A juxtaposition of things.

First, the highly irksome. Two news articles about terrible trends in eating and drinking among the privileged European-centric upper classes:

https://www.theguardian.com/lifeandstyle/2017/aug/11/why-we-fell-for-clean-eating
https://www.nytimes.com/2017/12/29/dining/raw-water-unfiltered.html

The first story does a much better job of talking about the challenges when a movement contains small grains of truth. (ack, I mentioned grains, oh noes, puns; I love grains, ha ha) In the second story - I am a bit disappointed to see a home water acquisition system lumped in with some of the other loony water-acquisition methods. While the home water system would be overkill in most of the US, I could see it being invaluable in other places where clean water is much, much harder to come by. There are, again, small grains of truth to some of the issues with municipal water (NOT fluoride, I would note). But I am a longtime believer in supporting the municipal water supply, as a social justice issue and an environmental issue. The vast majority of us don't have the privilege of sneaking around at night to go get water illegally from primo sources - the privilege of time, the privilege of white maleness and money to avoid getting caught and punished. The water might be clean or whatever, but in my mind it is deeply sullied by the resources that must be used to obtain it.

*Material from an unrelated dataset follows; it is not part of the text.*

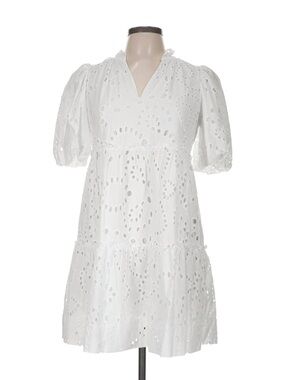 Tuckernuck White Eyelet Tiered Mini Dress M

Next, two stories about agriculture and climate change:
http://www.biographic.com/posts/sto/better-beef
https://www.reuters.com/article/us-global-agriculture-climatechange-anal/can-agriculture-and-the-climate-fix-their-unhappy-marriage-in-2018-idUSKBN1EM0UA

For the first link: I am pleased to see the BioGraphic article highlighting shifts in beef production in Brazil. We need more stories from outside the United States, because government policy and enforcement play roles in what happens. So does local culture. Can anything be learned from the situation in Brazil and applied to what's still happening in Indonesia for palm oil production? I hope something can be done, before Indonesian forests and their diversity disappear.

For the second: I hope there's recognition that this isn't a situation that can be fixed via technological means alone, yeesh. Maybe that angle is just a product of where the article is published.